[INPUT MATERIAL — start]

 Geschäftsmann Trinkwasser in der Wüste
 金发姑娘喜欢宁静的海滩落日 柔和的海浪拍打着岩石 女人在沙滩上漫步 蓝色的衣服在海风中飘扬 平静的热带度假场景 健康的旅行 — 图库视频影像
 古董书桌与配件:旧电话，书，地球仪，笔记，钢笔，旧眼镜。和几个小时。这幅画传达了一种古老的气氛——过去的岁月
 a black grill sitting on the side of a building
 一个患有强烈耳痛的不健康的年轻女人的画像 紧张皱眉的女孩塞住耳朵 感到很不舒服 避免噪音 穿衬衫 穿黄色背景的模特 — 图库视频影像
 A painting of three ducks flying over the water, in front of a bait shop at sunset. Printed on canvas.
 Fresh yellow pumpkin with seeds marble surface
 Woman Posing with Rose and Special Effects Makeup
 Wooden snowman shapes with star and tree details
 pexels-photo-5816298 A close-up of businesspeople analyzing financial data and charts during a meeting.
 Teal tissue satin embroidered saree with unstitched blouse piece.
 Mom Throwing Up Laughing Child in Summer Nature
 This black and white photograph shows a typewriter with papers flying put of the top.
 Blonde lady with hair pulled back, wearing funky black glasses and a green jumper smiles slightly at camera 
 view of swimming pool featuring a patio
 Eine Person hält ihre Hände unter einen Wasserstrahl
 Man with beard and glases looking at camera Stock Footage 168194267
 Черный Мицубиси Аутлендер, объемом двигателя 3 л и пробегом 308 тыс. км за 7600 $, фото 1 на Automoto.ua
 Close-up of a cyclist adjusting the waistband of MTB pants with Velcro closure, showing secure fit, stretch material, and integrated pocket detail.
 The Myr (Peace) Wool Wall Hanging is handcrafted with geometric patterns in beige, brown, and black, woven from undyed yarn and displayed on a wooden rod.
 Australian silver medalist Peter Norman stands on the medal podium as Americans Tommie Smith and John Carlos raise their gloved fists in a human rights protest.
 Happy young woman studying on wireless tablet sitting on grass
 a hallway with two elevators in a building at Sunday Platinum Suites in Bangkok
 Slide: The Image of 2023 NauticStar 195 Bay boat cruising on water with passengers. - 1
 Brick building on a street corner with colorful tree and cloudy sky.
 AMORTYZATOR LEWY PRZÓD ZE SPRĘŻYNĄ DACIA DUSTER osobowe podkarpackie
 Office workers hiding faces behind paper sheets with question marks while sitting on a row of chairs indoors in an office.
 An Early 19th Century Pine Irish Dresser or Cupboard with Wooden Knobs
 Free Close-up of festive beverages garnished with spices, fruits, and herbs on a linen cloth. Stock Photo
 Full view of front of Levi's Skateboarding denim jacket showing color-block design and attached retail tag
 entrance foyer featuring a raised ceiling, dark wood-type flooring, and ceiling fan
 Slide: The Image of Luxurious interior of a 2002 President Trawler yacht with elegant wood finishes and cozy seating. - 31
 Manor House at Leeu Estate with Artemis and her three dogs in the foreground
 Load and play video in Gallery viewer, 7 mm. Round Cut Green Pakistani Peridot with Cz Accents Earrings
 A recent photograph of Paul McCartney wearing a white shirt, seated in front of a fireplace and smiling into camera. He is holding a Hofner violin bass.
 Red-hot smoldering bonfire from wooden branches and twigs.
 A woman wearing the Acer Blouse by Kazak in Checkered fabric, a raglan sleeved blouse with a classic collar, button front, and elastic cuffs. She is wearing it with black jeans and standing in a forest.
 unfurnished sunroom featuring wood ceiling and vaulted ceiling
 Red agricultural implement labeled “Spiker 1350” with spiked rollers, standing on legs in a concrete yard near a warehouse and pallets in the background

[INPUT MATERIAL — finish]

# EXERCISE AIM
Retype only this portion of the data above: the line containing "Manor House at", the line containing "A woman wearing", and all lines between them, exactly.

# ANSWER FOR THE TASK
 Manor House at Leeu Estate with Artemis and her three dogs in the foreground
 Load and play video in Gallery viewer, 7 mm. Round Cut Green Pakistani Peridot with Cz Accents Earrings
 A recent photograph of Paul McCartney wearing a white shirt, seated in front of a fireplace and smiling into camera. He is holding a Hofner violin bass.
 Red-hot smoldering bonfire from wooden branches and twigs.
 A woman wearing the Acer Blouse by Kazak in Checkered fabric, a raglan sleeved blouse with a classic collar, button front, and elastic cuffs. She is wearing it with black jeans and standing in a forest.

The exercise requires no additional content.